A South African couple decided to visit Zimbabwe’s popular Victoria Falls recently, but instead of getting the hospitality and trap themselves into the majestic views of the smoke that thunders, they faced the hostility they had not bargained for.
The elderly couple has vowed never to visit Zimbabwe again and spread the message to potential tourists.
They faced the traumatic experience at the hands of the Zimbabwe Republic Police traffic section and their trip turned into horror all because the cops wanted them to pay something.
For an offence where they had to pay $20, the police demanded that they fork out $120.
The presence of police roadblocks all over within a short space could not help matters, it spoiled their joy.
This is the life of a tourist in Zimbabwe and while they face the same treatment, locals are also not spared the agony of spot fines, most of them inflated.
Another family from San Diego, California, came into the country and testified during the AMH Conversations of how the police along the highway frustrated their tour by displaying arrogance and unnecessary thoroughness in finding fault all in the name of extortion.
Traffic police, according to testimonies from residents who gathered for the Alpha Media Holdings discussions on Wednesday titled Impact of Roadblocks on Civil Liberties and Productivity of our Nation, have become a menace on Zimbabwe’s roads by demanding bribes and harassing people.

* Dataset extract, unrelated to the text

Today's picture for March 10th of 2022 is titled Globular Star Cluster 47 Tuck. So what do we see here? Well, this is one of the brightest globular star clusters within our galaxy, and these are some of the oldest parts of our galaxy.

“It is known that if you scrutinise every car you find fault. On our way back from Kariba, we were stopped, no reason given, no fault was found. Ultimately, there was a little light on the number plate that I was asked to put on and fortunately, it was working. They were just looking for something, but no issue of safety. It really gives you a bad feeling,” said one of the tourists from San Diego contributing during the debate.

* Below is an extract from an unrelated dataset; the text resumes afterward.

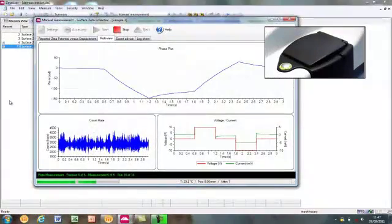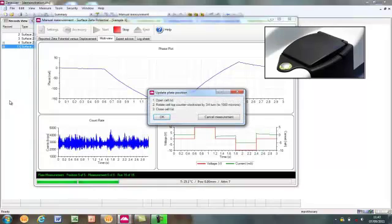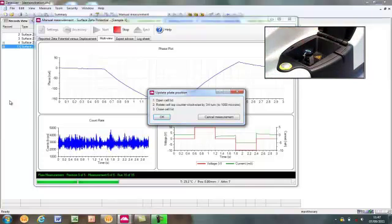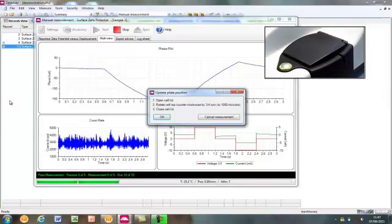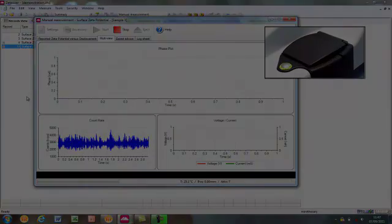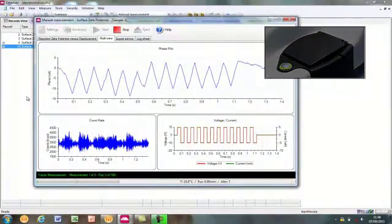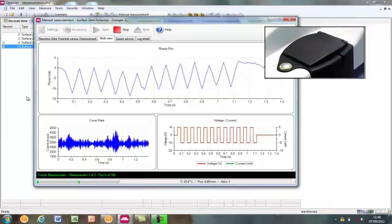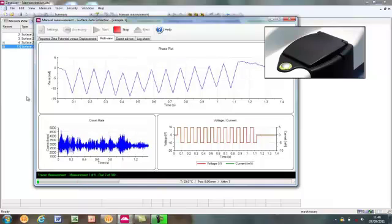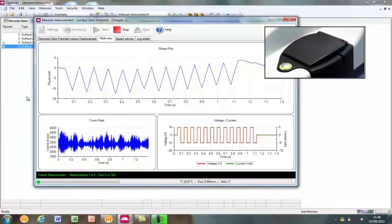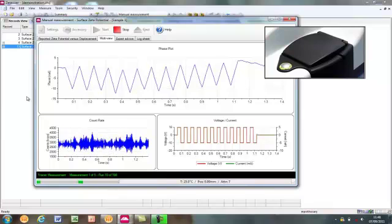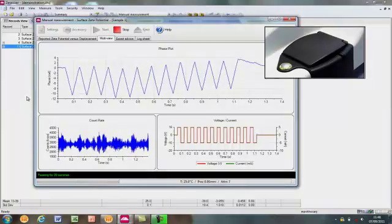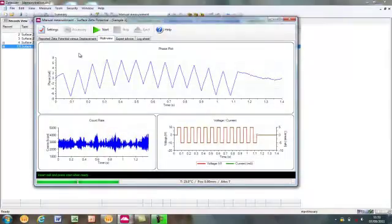After all of the measurements have been performed at each of the measurement positions, the final electrophoresis-only measurement is performed. The software asks for the final repositioning of the sample by turning the cell cap. As with previous displacements, this involves opening the lid, turning the cell cap by the required amount, closing the lid, and clicking OK. It is worth noting that the size of the turn on this occasion may be different from the previous ones depending on the settings defined in the SOP. The software then performs a series of fast field measurements. The purpose of this is to measure the electrophoretic mobility of the tracer particles independently from any electroosmotic effect generated by the sample. This, along with the intercept, is then used to calculate the surface zeta potential of the sample.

Police visibility on the roads, though necessary, has become a cause for concern, frustrating and an affront to people’s freedoms.
Zimbabwe Council for Tourism president Francis Ngwenya said the behaviour of police officers when dealing with tourists was in most cases damaging.
“There is damage on tourism. The perception is that police officers are there to extort money from tourists, especially driving cars with foreign number plates. What happens here is more than what happens in other countries. They say they enjoy the Falls and other resorts, but there is a problem when it comes to extortion,” Ngwenya said.
Ngwenya said police should be trained on how to engage tourists as they were creating employment by coming into Zimbabwe hence there was no need for them to be harassed.
A lot of questions were asked regarding the behaviour of police officers and the logic behind the spacing of roadblocks metres away from each other.
Combined Harare Residents’ Association director Mfundo Mlilo said that it was painful to plan for a journey given the amount of roadblocks in the shortest of distances with money being demanded at each one of them.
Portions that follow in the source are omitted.